* _Your goal_: Output, word for word, every line from the start of the listing down to and including the line that contains "PureCozy 10x14 Outdoor"; include nothing else.
- - - - -
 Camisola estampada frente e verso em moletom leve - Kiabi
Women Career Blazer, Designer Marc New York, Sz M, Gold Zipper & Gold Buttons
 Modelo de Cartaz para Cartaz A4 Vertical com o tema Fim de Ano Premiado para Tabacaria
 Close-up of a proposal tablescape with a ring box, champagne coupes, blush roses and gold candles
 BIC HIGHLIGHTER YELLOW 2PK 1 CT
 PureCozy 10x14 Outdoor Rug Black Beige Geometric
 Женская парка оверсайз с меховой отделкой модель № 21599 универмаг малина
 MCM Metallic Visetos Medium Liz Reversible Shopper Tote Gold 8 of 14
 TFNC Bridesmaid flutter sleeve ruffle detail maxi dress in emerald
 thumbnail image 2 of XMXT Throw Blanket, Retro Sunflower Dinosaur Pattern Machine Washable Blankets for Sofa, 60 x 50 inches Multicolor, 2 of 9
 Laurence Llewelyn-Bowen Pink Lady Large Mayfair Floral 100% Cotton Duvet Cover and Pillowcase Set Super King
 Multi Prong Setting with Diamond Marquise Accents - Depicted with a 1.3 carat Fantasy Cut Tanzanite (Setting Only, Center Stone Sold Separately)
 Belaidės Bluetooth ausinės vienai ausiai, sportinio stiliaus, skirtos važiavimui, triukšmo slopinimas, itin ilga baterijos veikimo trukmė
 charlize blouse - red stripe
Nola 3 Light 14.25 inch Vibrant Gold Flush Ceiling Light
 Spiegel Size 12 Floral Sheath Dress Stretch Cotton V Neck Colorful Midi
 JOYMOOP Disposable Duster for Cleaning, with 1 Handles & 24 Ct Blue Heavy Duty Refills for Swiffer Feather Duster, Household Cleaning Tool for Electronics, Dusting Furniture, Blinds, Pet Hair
- - - - -
* _Solved problem_:
 Camisola estampada frente e verso em moletom leve - Kiabi
Women Career Blazer, Designer Marc New York, Sz M, Gold Zipper & Gold Buttons
 Modelo de Cartaz para Cartaz A4 Vertical com o tema Fim de Ano Premiado para Tabacaria
 Close-up of a proposal tablescape with a ring box, champagne coupes, blush roses and gold candles
 BIC HIGHLIGHTER YELLOW 2PK 1 CT
 PureCozy 10x14 Outdoor Rug Black Beige Geometric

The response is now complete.